The very left part of the distribution on this chart possibly hints that children and infants were the priority.

auto.analyze_interaction(x='Fare', y='Age', hue='Survived', train_data=df_train, test_data=df_test)
../../_images/010a64c0ef739322b62b502aa8f626d1586fee1152351ff9f653dd6e1c7fc612.png

This chart highlights three outliers with a Fare of over $500. Let’s take a look at these:

df_train[df_train.Fare > 400]
PassengerId Survived Pclass Name Sex Age SibSp Parch Ticket Fare Cabin Embarked
258 259 1 1 Ward, Miss. Anna female 35.0 0 0 PC 17755 512.3292 NaN C
679 680 1 1 Cardeza, Mr. Thomas Drake Martinez male 36.0 0 1 PC 17755 512.3292 B51 B53 B55 C
737 738 1 1 Lesurer, Mr. Gustave J male 35.0 0 0 PC 17755 512.3292 B101 C

As you can see all 4 passengers share the same ticket. Per-person fare would be 1/4 of this value. Looks like we can add a new feature to the dataset fare per person; also this allows us to see if some passengers travelled in larger groups. Let’s create two new features and take at the Fare-Age relationship once again.

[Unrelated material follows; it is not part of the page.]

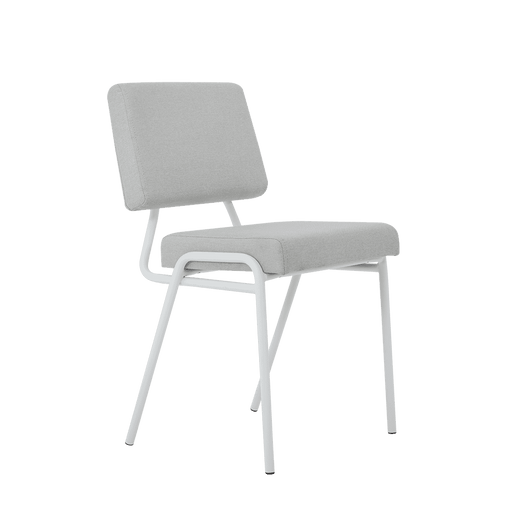 Sedia design semplice e moderna in tessuto grigio chiaro con struttura in metallo bianco, ideale per ambienti eleganti e funzionali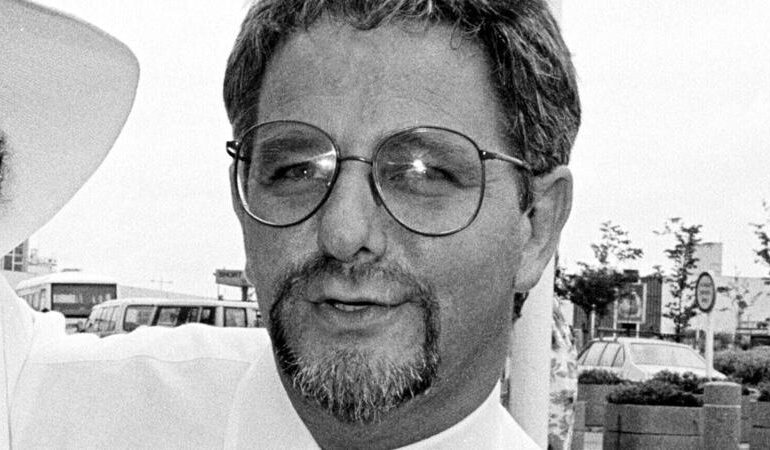 Abusi su minori, condannato dopo decenni l’ex allenatore di nuoto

ticket_to_count = df_train.groupby(by='Ticket')['Embarked'].count().to_dict()
data = df_train.copy()
data['GroupSize'] = data.Ticket.map(ticket_to_count)
data['FarePerPerson'] = data.Fare / data.GroupSize

auto.analyze_interaction(x='FarePerPerson', y='Age', hue='Survived', train_data=data)
auto.analyze_interaction(x='FarePerPerson', y='Age', hue='Pclass', train_data=data)
../../_images/f083596b56572c615c7b3c9f26a43c48b1c7fad0c446f63e3da18c755b81ea16.png ../../_images/1befc4e9be45164c79367e830e7e346947d3da823bfb61604305dd223ac88789.png

You can see cleaner separation between Fare, Pclass and Survived now.